Friday, March 7, 2014

Varanasi Diary, Day 2: The city that lives for the dead




Diffused sunrise from the hotel balcony

1st March: The sunrise in Varanasi is supposed to be a spectacular sight from the Ghat side as the onset of activities among the populace starts with a Surya-Pranam (prayer to the sun god) at the bathing steps. We were not as lucky as the sky was still cloudy and the sun refused to appear although it did wash the area with light diffused as if from a bright ceiling-lamp.
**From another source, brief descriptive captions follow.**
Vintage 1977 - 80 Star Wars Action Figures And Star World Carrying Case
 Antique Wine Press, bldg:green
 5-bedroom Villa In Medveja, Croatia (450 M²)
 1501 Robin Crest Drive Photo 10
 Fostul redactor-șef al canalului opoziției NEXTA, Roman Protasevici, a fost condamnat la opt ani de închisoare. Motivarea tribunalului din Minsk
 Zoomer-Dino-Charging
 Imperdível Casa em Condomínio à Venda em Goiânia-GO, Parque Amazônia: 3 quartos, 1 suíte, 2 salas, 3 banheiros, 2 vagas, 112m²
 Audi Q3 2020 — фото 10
The morning started with a stroll down the Ghats and then up the stone-steps of Daswashyamedh , the holiest ghat, for the vegetarian breakfast at a road side eatery & down the same steps again for a stroll upto the Manikarnika Ghat where flames on the pyres have never ceased since the crematorium’s inception centuries, if not civilisations, earlier. Varanasi is considered among the frontrunners for the oldest city in the world dating back to 8000 years. Frommer’s travel-guide on India has a quaint quotation of Mark Twain on Varanasi. When Mark Twain travelled to Varanasi in early nineteenth century, he found the city “older than history, older than tradition, older even than legends and it looks twice as old as all of them put  together.”


The bank opposite
The burning ghat had seven pyres simultaneously lit & the corpses , neatly decked and covered (parceled if I may obliquely state), went on arriving. The ashes  were taken away three hours later for immersion  in the river. On the north corner of the ghat, boats were anchoring themselves . These were boats full of wooden logs that were being delivered at the ghat itself. By this team the sun was beating down upon us . The heat from its rays felt  as high as that of the flames on the pyres. We decided to head back to our hotel in Chousatti ghat for freshening up with a bath, a shot of gin and a light lunch.
Aarti at Daswashyomedh Ghat
 
As evening dusked its way , we headed for the daily performance of Aarti (evening prayer) at the Daswashyomedh ghat with  synchronized aarti from five Pujaris(priests) followed by the Bhajans (devotional songs). The chaos and the bustling from the city where people from all communities, caste, creed, regions of India (and abroad) congregate here daily was surprisingly absent during the progress of the Aarti only to be drowned by the chorus of the Bhajans blaring over the loudspeakers ,soon after.  


Varanasi traffic


Back inside the chaos of the city after the performance, we called it a day after a quick Thandai (a cool drink made of milk & hemp leaves) at a shop and a trudge on the rickshaw amidst a drizzle & Varanasi traffic.  The sky seemed to be clearing after the cessation of rain as we made plans to visit Sarnath, the next day.